To Create a Model for Mechanism Dynamics
Creating a model for Mechanism Dynamics analyses includes these tasks:
• Defining the rigid bodies in your model—A rigid body is a group of parts that are rigidly controlled with no degrees of freedom within the group. If two parts have no degrees of freedom between them due to the placement constraints that were defined during the assembly process, they are part of the same rigid body. You can only place predefined connection sets between two distinct rigid bodies. If a mechanism is not moving the way you expect, or if you are not able to create connections because two parts are in the same rigid body, you may need to redefine the rigid bodies in your mechanism.
• Assembling the model—When you open an existing model in Mechanism Design, you can add other types of joints and modeling entities. The connection sets define how the components move with respect to each other.
• Assigning mass properties—You must assign mass properties to your mechanism before you run a dynamic or static analysis. You must also assign mass properties before you run a force balance analysis if you want to include gravity in the analysis. If you have not assigned the mass properties in your assembly, you can do it in Mechanism Design.
• Specifying connection parameters—After you add connections, use the Motion Axis dialog box to define zero references, a regeneration value for the software to use when it assembles the model, and limits on the allowed motion of the connections.

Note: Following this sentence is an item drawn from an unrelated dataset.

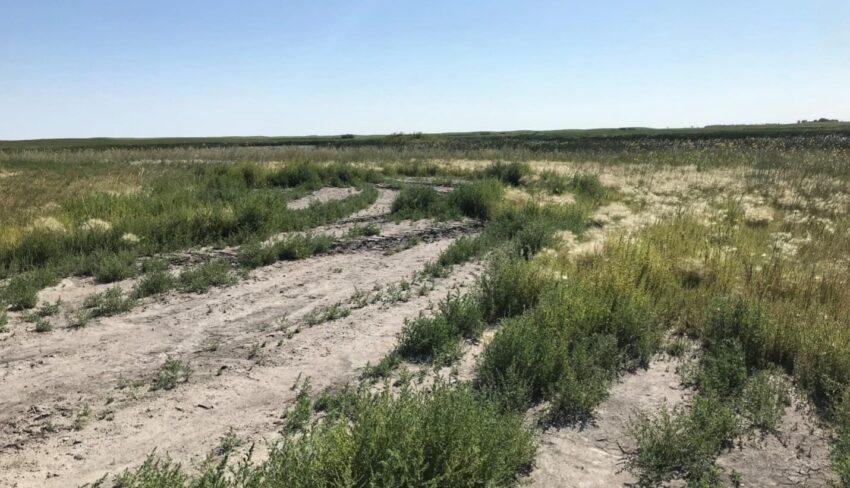 Comment notre programme automnal relatif aux régions à faible rendement profite-t-il aux propriétaires fonciers?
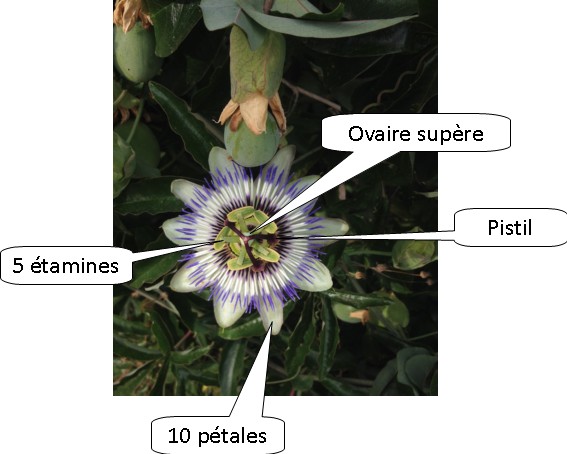 Annexe exercice fleur de passiflore.jpg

• Creating special connections—Create cam-follower connections by selecting geometric entities on your model, with no need to create special cam geometry.
• Creating kinematic gear pairs—The gear pair connections constrain the relative velocity of the selected motion axes. You do not need to create special gear geometry.
• Simulating impact—You can define a coefficient of restitution for cam-follower connections to simulate impact behavior upon contact. You can define a coefficient of restitution for motion axes with limits to simulate impact when they reach the limits.
• Simulating friction—You can define static and dynamic friction coefficients for cam-follower connections and motion axes to simulate friction losses.